Mix the spice rub: In a small bowl, stir together chili powder, cumin, smoked paprika, garlic powder, salt, and black pepper. Zest one lime over the mixture and rub with your fingers to release the oils.
Season the fish: Pat fish dry.
Drizzle with 1 tablespoon olive oil and half the lime juice. Sprinkle the spice rub evenly on both sides. Let it sit 10 minutes while you prep the salad.
Make the dressing: Whisk yogurt, mayonnaise, remaining lime juice, honey, garlic, and a pinch of salt.
Add a splash of water until pourable. Stir in 2 tablespoons chopped cilantro. Adjust salt and sweetness to taste.
Assemble the base: In a large bowl, combine romaine, shredded cabbage (if using), red onion, cherry tomatoes, and corn.

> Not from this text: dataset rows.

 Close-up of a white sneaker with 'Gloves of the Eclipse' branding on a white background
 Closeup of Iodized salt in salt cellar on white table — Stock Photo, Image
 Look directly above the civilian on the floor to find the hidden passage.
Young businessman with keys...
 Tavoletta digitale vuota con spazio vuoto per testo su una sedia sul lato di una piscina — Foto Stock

Add 2 tablespoons olive oil, a pinch of salt, and half of the remaining chopped cilantro. Toss lightly.
Cook the fish: Heat a large nonstick skillet over medium-high with a thin film of oil. Add fish and cook 2–4 minutes per side, depending on thickness, until it flakes easily and is opaque.

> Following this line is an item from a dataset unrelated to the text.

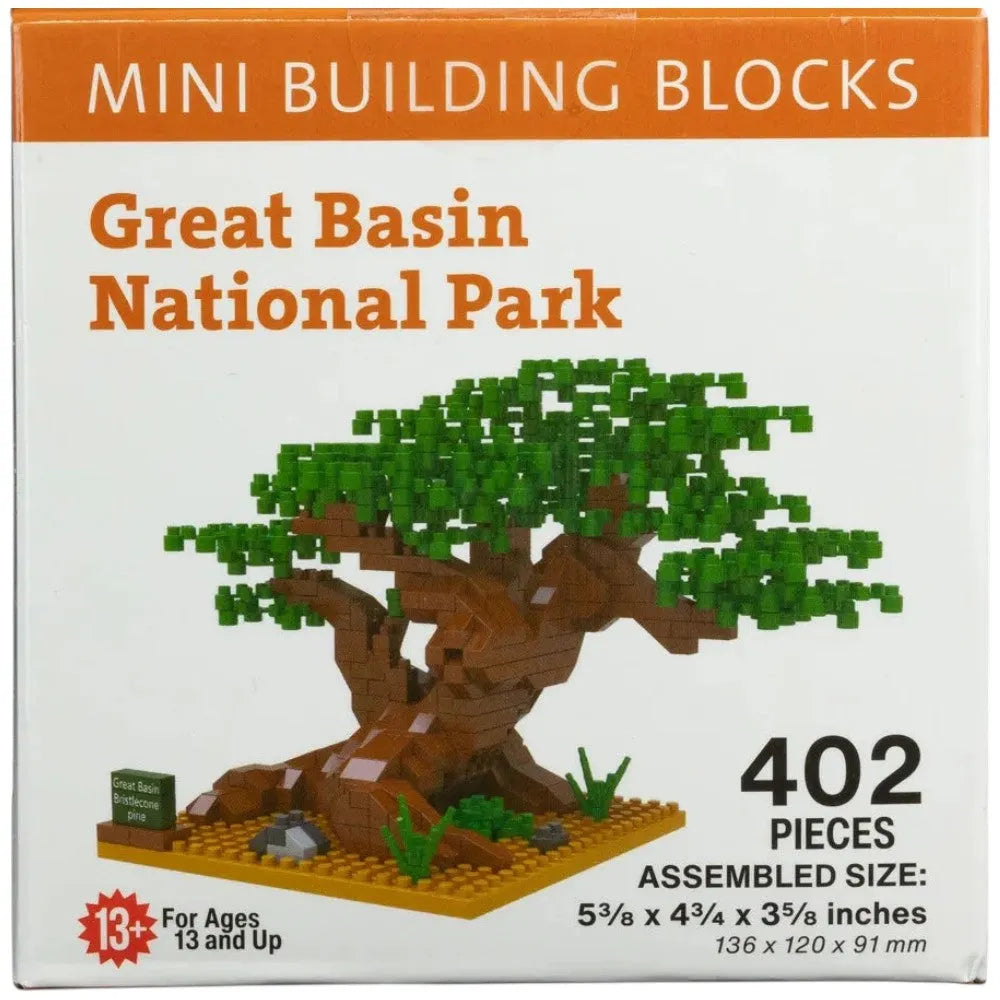 Box of mini building blocks themed around Great Basin National Park with a tree model on it.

Squeeze a little lime over the top. Remove to a plate and let rest 2 minutes, then flake into large pieces.
Dress the salad: Drizzle some dressing over the greens and toss gently to coat. You want it lightly dressed—save the rest for serving.
Build the bowls: Divide salad among bowls.
Top with warm flaked fish, avocado, jalapeño (if using), pickled onions, and cotija. Sprinkle with tortilla chips for crunch and the remaining cilantro.
Finish and serve: Add an extra squeeze of lime and a final spoonful of dressing. Serve right away while the fish is still warm.